Phocuswright research analyst Mark Blutstein said, “If the goal was to turn around the stock, it definitely helped that, as there was a gain pretty much right after the earnings call. I guess it worked in that sense; investors were happy to see something different and leadership being a little more out in front of things than maybe what they expected in the past.”

As an OTA, Blutstein said, Expedia is performing well in the U.S. in terms of gaining consumer bookings. Much of its customer base is younger and uses OTAs consistently, year over year. He also said that Diller brings clout as a founder of online travel and other e-commerce sectors.

“He does get a lot of respect, especially from other executives and in public markets, as we’re seeing,” Blutstein said.

Financial analysts were cautiously optimistic about Diller’s plan. Oppenheimer, for example, titled its most recent notes on Expedia “Talking the talk but still need to walk the walk.”

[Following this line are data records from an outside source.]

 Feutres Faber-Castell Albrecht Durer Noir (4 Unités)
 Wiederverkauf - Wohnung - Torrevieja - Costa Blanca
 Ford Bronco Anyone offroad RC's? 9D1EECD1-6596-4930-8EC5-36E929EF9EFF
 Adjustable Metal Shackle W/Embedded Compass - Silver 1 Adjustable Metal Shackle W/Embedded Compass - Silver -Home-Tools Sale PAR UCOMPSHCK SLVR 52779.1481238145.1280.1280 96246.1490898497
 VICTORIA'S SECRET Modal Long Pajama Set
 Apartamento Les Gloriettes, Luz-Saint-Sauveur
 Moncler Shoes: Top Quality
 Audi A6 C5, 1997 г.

In his notes, Morgan Stanley equity analyst Brian Nowak said the $300 million to $500 million in savings “may just be the beginning of opportunities” for Expedia. 

He also looked positively on Diller’s plans to better structure the company, focus on using its assets better (e.g., integrating alternative accommodations from Vrbo into its OTA brands), return capital to shareholders and increase spending on loyalty while decreasing spending on lower-performing marketing.

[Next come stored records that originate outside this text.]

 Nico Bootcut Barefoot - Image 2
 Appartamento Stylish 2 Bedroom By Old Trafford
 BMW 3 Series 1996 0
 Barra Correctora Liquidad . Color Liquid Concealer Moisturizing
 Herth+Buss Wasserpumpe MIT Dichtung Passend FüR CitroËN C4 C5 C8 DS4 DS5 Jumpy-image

RBC Capital Markets analyst Mark Mahaney said in his notes that he was “cautious” about Expedia operating without a full-time CEO, though “we are fully respectful of the almost unparalleled experience Barry Diller has in the sector.”

“Yes, we are initially skeptical -- and we believe the market will be as well -- of [Expedia’s] ability to deliver double-digit EBITDA growth in ’20,” Mahaney wrote. “The good news is that this skepticism is arguably priced in ... so if [Expedia] can actually do this, there is upside to shares.”

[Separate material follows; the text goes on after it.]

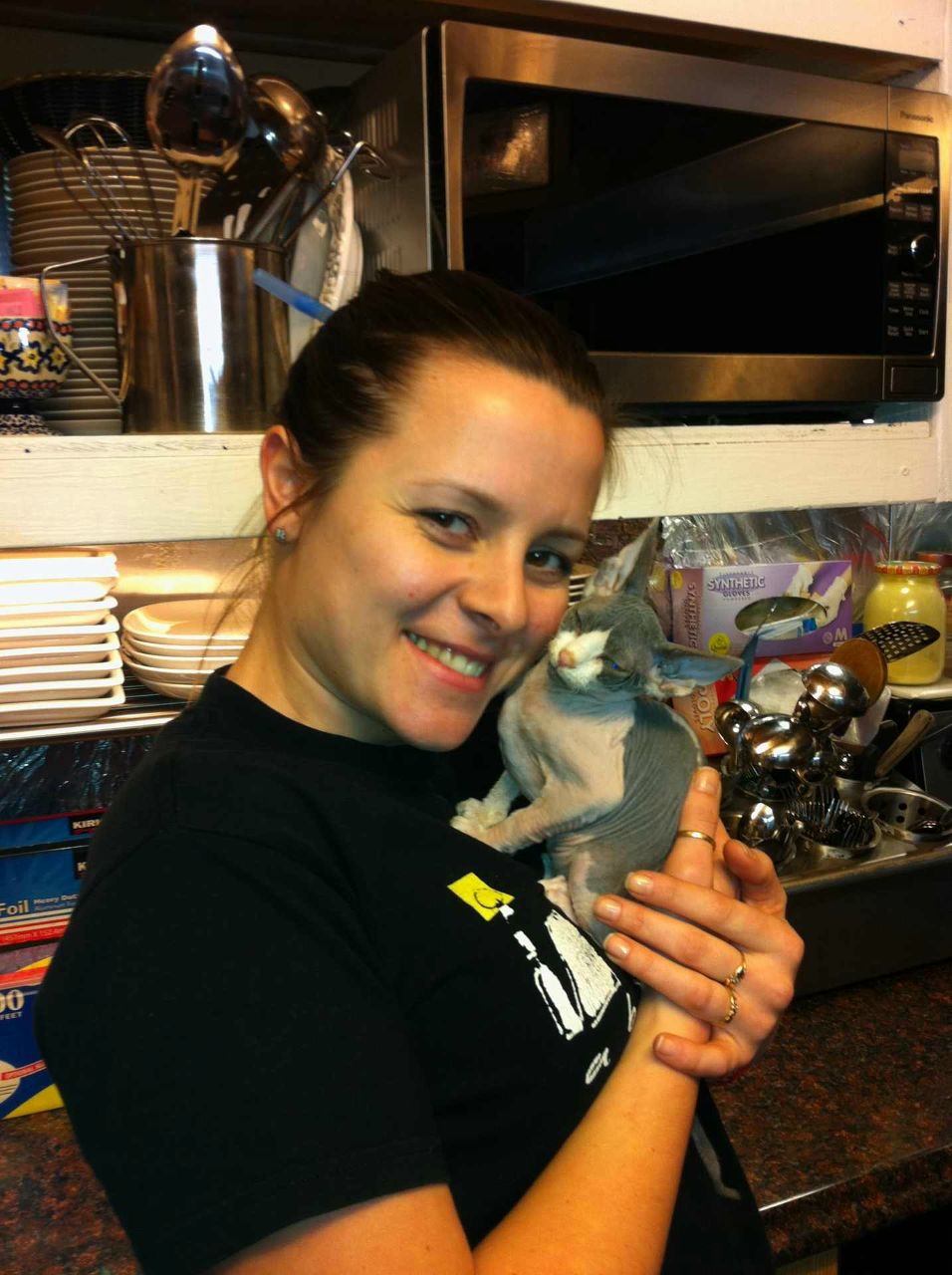 Гала Чертыкова | New York City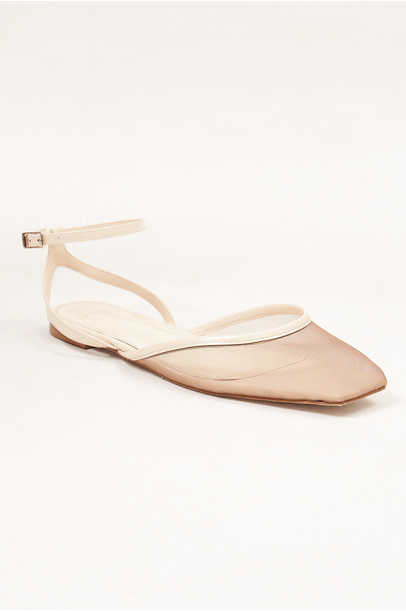 Sapatilha Farinacci Framed - Off White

Nowak identified three key factors that have to be considered with Expedia’s new strategies. Structural changes will lead to employee turnover and, likely, new hires, leading to “high execution risk,” he said. That is especially a concern in light of factors such as Google’s continuing to make “challenging changes,” hotels seeking direct bookings and a response from competitor Booking Holdings. 

“As with any duopoly, one player’s uncertainty is another’s opportunity,” Nowak said, noting that Booking will likely realize opportunities, especially if Expedia “has any missteps in its core U.S. market.”

Finally, Nowak said, building direct bookings and loyalty is difficult in the low-frequency travel category.

Phocuswright’s Blutstein agreed. While younger people are using OTAs consistently, they still book on other websites. And Phocuswright research indicates that fewer than 20% of U.S. travelers belong to an OTA loyalty program.

In his view, Expedia’s biggest challenge is a common one: trying to compete against Google. That could change the way businesses drive traffic to their websites, perhaps turning to more channels, such as social media and mobile apps.

But Expedia also has opportunities, Blutstein said, especially in importing Vrbo content into its OTA brands and potentially driving traffic to its sites by advertising in-destination activities. While those activities are typically lower-ticket items compared with accommodations, they could drive traffic, he said.